*Source data*:

⁂

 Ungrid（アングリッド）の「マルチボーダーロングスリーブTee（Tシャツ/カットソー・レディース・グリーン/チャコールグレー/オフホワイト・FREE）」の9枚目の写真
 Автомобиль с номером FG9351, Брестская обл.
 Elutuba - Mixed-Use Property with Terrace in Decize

⁂

*What the task asks*: Output the material above, all of it, exactly.

*Final answer*:
 Ungrid（アングリッド）の「マルチボーダーロングスリーブTee（Tシャツ/カットソー・レディース・グリーン/チャコールグレー/オフホワイト・FREE）」の9枚目の写真
 Автомобиль с номером FG9351, Брестская обл.
 Elutuba - Mixed-Use Property with Terrace in Decize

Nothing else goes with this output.